Fin da bambina ha viaggiato per tutto il Camerun insieme ai genitori e ai sette fratelli e sorelle: «Mio padre era guardia giurata, per cui lo seguivamo in tutti i suoi spostamenti. Quando io avevo circa 12 anni è stato trasferito nel Nord del Paese ed è lì che ho cominciato a sentire che mi mancava qualcosa». Un’amica poco più grande, che faceva l’animatrice e frequentava la chiesa locale, le aveva chiesto se fosse battezzata: «Quando ho risposto di no – racconta suor Carine -, ho provato una grande tristezza e un forte senso di vuoto», perché «anche se cristiani, i miei genitori non mi avevano battezzata», continua a spiegare la religiosa, che proviene da un contesto dove il cristianesimo è vissuto in maniera molto rigorosa. «Il percorso catecumenale dura tre anni e si conclude con gli esami, ai quali si può anche essere bocciati. Quando ho espresso il desiderio di intraprendere il cammino temevo che i miei genitori mi avrebbero detto di no, perché ci tenevano che dessi la priorità agli studi». Invece i genitori hanno acconsentito e così Carine a 15 anni ha ricevuto il battesimo.
«Vedevo le suore vestite di azzurro come un riflesso del cielo e della gloria di Dio. Amavo il fatto che dopo la Messa ogni sorella fosse circondata da un capannello di persone». Fedeli con cui parlare e fare comunità.
Ma la chiamata del Signore per suor Carine è arrivata più tardi, dopo l’incontro con un missionario polacco Oblato di Maria Immacolata che si era trasferito in Camerun e aveva costruito una chiesa e un ostello per disabili e si era impegnato in prima persona per garantire loro un percorso di riabilitazione. «Perché, mi chiedevo, un europeo benestante aveva lasciato tutto per venire al caldo e nella povertà a prendersi cura di questo popolo?». Carine non lo sapeva ancora, ma da quella domanda sarebbe iniziato il suo percorso vocazionale, superando una dopo l’altra le resistenze dei genitori.
Trasferitisi nel Sud del Camerun i genitori le avevano detto di non andare più in chiesa: basta, avrebbe dovuto dedicarsi agli studi per decidere che cosa fare da grande. Carine, influenzata da suo padre, aveva sempre apprezzato il valore della divisa, il senso dell’onore che deriva dal portarne una, ma non riusciva a smettere di pensare al missionario polacco. Pian piano si è resa conto che la divisa ideale, per lei, era quella della missionaria.
Nonostante il divieto dei genitori aveva chiesto a un’amica, figlia di un collega di suo padre, di portarla in chiesa. In quel periodo ci andava anche di nascosto, ed è così che ha conosciuto le missionarie dell’Immacolata. «Per questioni anche culturali i miei genitori non riuscivano a capire perché volessi consacrarmi al Signore. Non la vedevano come una cosa necessariamente negativa, ma in quanto donna e secondogenita, ai loro occhi sembrava che volessi rinunciare alla vita». Il padre sarebbe andato in pensione da lì a tre anni, e alla famiglia di Carine entrare in convento sembrava quasi una scelta egoistica perché avrebbe dovuto pensare a come mantenere i fratelli. Si respirava un brutto clima in casa.

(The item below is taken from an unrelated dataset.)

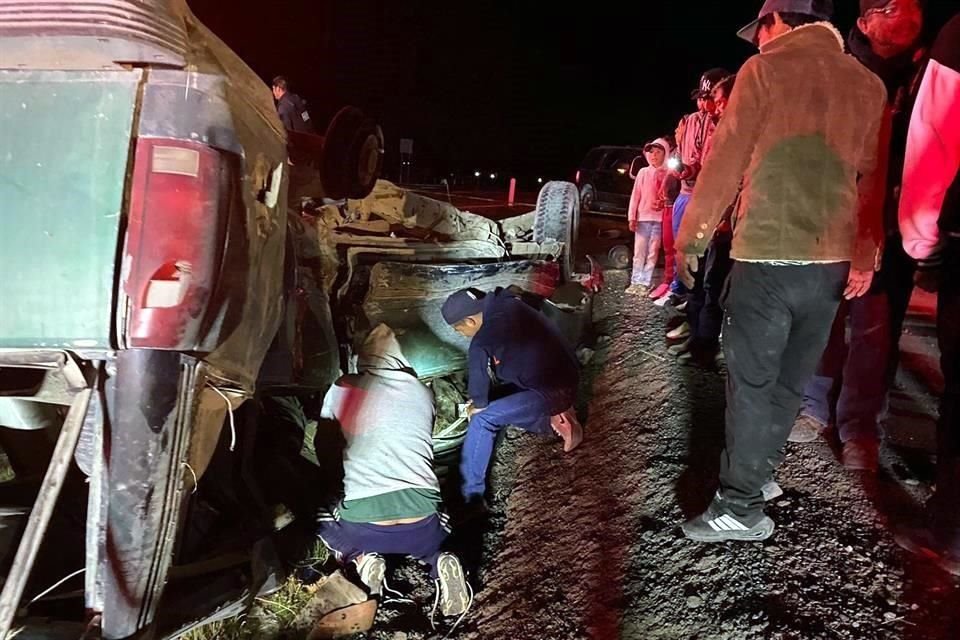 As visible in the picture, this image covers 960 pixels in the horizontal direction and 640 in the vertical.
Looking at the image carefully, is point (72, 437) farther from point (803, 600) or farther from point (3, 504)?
point (803, 600)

«Ho chiesto al Signore di mandarmi un segno se davvero mi voleva con Lui. Dopo due settimane mio padre ha cominciato a cambiare idea ricordandosi del proprio padre». Il nonno di Carine era stato uno dei primi catechisti camerunesi negli anni Venti del Novecento. Dopo aver fatto la conoscenza di alcuni missionari e essersi convertito al cristianesimo decise di tenere solo una moglie. Una novità per quegli anni. Dopo l’approvazione del padre, restava solo la madre da convincere. «A un certo punto mia madre ha avuto un aneurisma e un’occlusione intestinale. Io avevo già iniziato il noviziato e a prendersi cura di lei sono state le consorelle. Ha sentito l’affetto e il sostegno delle suore e le si è sciolto il cuore». Aveva temuto di perdere la figlia, ma dopo la malattia ha cambiato idea e l’ha lasciata continuare il percorso che dal Camerun l’ha portata fino a Cornuda. «Come sta scritto nel Vangelo – commenta suor Carine – ha visto e ha creduto».